Müslüman olduktan sonra vahiy katipliği yapmış, Peygamber efendimizden 163 tane hadis rivayet etmiş. İbni Abbas (r.a) tarafından fakih olduğu belirtilmiştir. Ebü’d-Derdâ, Cerir ibni Abdillah, Numan ibni Beşir, Ebû Saîdil Hudrî, Sâib ibni Yezid, Ebû Ümâme ibni Sehl, aşere-i mübeşşereden Hazreti Zübeyr’in oğlu İbni Zübeyr, Peygamberimiz’in amcasının oğlu İbni Abbas ve Hazreti Ömer’in oğlu İbni Ömer gibi seçkin zatlar, Hazreti Muâviye’den hadis rivâyet etmişlerdir.
Fakihler Hz. Muaviye’nin sözüne itimat ederlerdi. Kütübü Sitte’de (Buhari, Müslim, Ebu Davud, Tirmizi, Nesâî ve ibn-i Mâce) ve Hanbelî mezhebinin imamı, İmâm Ahmed’in Müsned’inde Hz. Muâviye’den hadîs rivayet edilmiştir ki bu kitaplar Resulullâh’ın sünnetinin en muteber metinlerindendir.
1400 yıldır ehli sünnet alimleri Hz. Muaviye hakkında kötü bir şey dememişken, onu sevip saymışken, bu yeni yetme, kökü kesik ya da şaibeli tasavvufçulara ne oluyor? Yoksa rafizilerin tasavvuf tekkelerine sızmasının bir tezahürü müdür bu? Bektaşi, Melami ve Mevlevi tarikatlarındaki sızıntılardan birisi de bunlar mı yoksa?

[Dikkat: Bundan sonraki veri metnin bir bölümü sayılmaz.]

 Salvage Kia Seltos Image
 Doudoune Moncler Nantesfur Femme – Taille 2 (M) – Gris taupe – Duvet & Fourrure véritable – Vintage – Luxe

Rafızilerin haricinde bir de Sabetayistler denen Yahudi dönmeleri de İslam tarikatlarına sızmaya çalışmışlar ve maalesef büyük oranda da başarılı olmuşlardır. Ancak, bu sızıntı operasyonuna karşı koyan ve ayakta kalan hak tarikatlar da vardır. Söylenecek çok şey var lakin, burada sözü bitirmek yeterli.